Dans leurs conclusions devant la cour, les époux [Y] demandent la confirmation de ce chef du jugement, en faisant valoir que la société Franfinance doit réparer leur préjudice financier en leur remboursant l'intégralité des sommes encaissées, soit 32 500 euros correspondant au coût du matériel, sans compensation avec la restitution du capital prêté, le solde devant être actualisé au jour du jugement, somme qui emportera intérêts au taux légal à compter du remboursement anticipé.
Les époux [Y] produisent le relevé de leur compte bancaire ouvert à la Caisse d'Epargne, établi le 3 juin 2019, faisant apparaître le versement d'une somme de 33 800 euros à leur crédit à la date du 16 mai 2019 par virement de la BPCE Financement et le débit d'une somme de 33 338,31 euros par chèque de banque à la date du 17 mai 2019.
La société Franfinance ne prétend pas que le capital prêté ne lui aurait pas été remboursé par anticipation.
Il convient en conséquence de confirmer le jugement qui a condamné la société Franfinance à rembourser aux époux [Y] la somme de 32 500 euros en réparation de leur préjudice, augmentée des intérêts au taux légal (à compter du jugement).
Le jugement est également confirmé en ses dispositions relatives aux dépens et à l'indemnité de procédure.
La société Franfinance, dont le recours est rejeté, est condamnée aux dépens d'appel et à payer aux époux [Y] la somme supplémentaire de 1 500 euros sur le fondement de l'article 700 du code de procédure civile en cause d'appel.
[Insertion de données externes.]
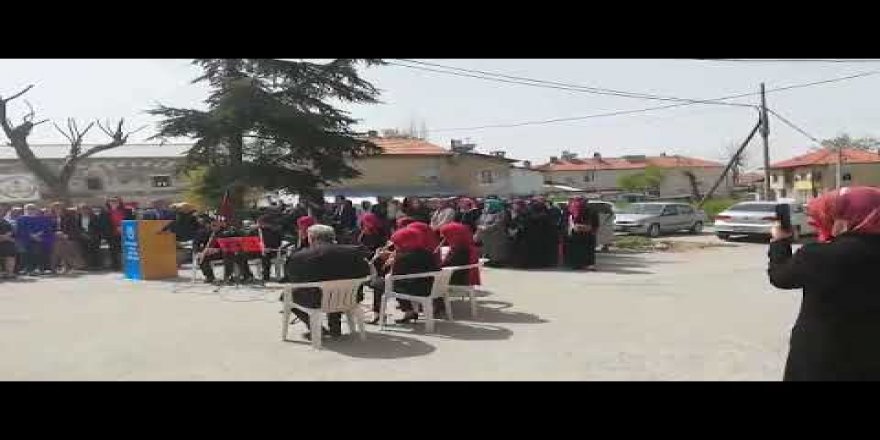 Geleneksel yılsonu el sanatları ve resim sergisi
La demande de condamnation du liquidateur judiciaire, ès-qualités, qui n'a pas constitué avocat, à payer une indemnité de procédure en cause d'appel aux époux [Y] est rejetée.
PAR CES MOTIFS
Statuant publiquement par arrêt mis à disposition au greffe, réputé contradictoire:
CONFIRME le jugement
CONDAMNE la société Franfinance aux dépens d'appel
CONDAMNE la société Franfinance à payer aux époux [Y] la somme de 1 500 euros en application de l'article 700 du code de procédure civile en cause d'appel
REJETTE la demande de condamnation de la société [S] [T], ès-qualités, fondée sur l'article 700 du code de procédure civile en cause d'appel.